Today, Milan Kundera passed away. He was 94. A well-written life. This quick post is on his behalf. Many years ago, I was reading his book entitled "The Unbearable Lightness of Being." At that time, I was enrolled in the Master of Science in Statistics, and I was taking this advanced probability course, full of sample spaces, sigma-algebras, Borel spaces, and some other interesting stuff. A friend of mine had recommended that book back in 2005, and while reading it, I found a passage incredibly interesting that relates to how probability works.

First things first, here three useful definitions:

  1. A sample space is a collection or a set of possible outcomes of a random experiment.
  2. A random variable is a is a measurable function from a sample space as a set of possible outcomes to a measurable.
  3. The realization of a random variable is the result of applying the function of the random variable to an observed outcome of a random experiment.

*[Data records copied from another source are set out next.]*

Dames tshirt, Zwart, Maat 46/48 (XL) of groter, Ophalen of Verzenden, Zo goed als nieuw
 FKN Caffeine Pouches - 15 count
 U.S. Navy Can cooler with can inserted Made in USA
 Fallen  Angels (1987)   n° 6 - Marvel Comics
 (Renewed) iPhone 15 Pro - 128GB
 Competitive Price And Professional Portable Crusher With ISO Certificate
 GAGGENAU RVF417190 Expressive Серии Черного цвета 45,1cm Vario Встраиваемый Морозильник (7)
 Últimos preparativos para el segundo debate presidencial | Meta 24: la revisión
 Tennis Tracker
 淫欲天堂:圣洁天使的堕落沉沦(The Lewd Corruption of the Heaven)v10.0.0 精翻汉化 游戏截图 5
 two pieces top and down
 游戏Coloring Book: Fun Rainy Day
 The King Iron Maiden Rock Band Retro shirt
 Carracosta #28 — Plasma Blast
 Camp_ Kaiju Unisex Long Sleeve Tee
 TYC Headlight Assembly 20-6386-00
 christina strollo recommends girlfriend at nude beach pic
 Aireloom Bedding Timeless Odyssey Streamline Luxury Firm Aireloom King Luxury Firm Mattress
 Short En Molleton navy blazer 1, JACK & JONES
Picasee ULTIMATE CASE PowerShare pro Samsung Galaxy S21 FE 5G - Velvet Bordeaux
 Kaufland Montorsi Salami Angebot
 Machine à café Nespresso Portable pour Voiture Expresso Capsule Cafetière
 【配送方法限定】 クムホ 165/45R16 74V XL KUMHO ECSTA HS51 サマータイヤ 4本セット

Now, back to the book. Just at the end of Part I, in Chapter 16, of the aforementioned book, the principal character, Thomas, is crossing the border of the Czech Republic and Switzerland, and he begins to think about his love for Tereza and how things twisted until they finally met. It is there that Kundera provides his own example of the sample space:

Apart from her consummated love for Tomas, there were, in the realm of possibility, an infinite number of unconsummated loves for other men.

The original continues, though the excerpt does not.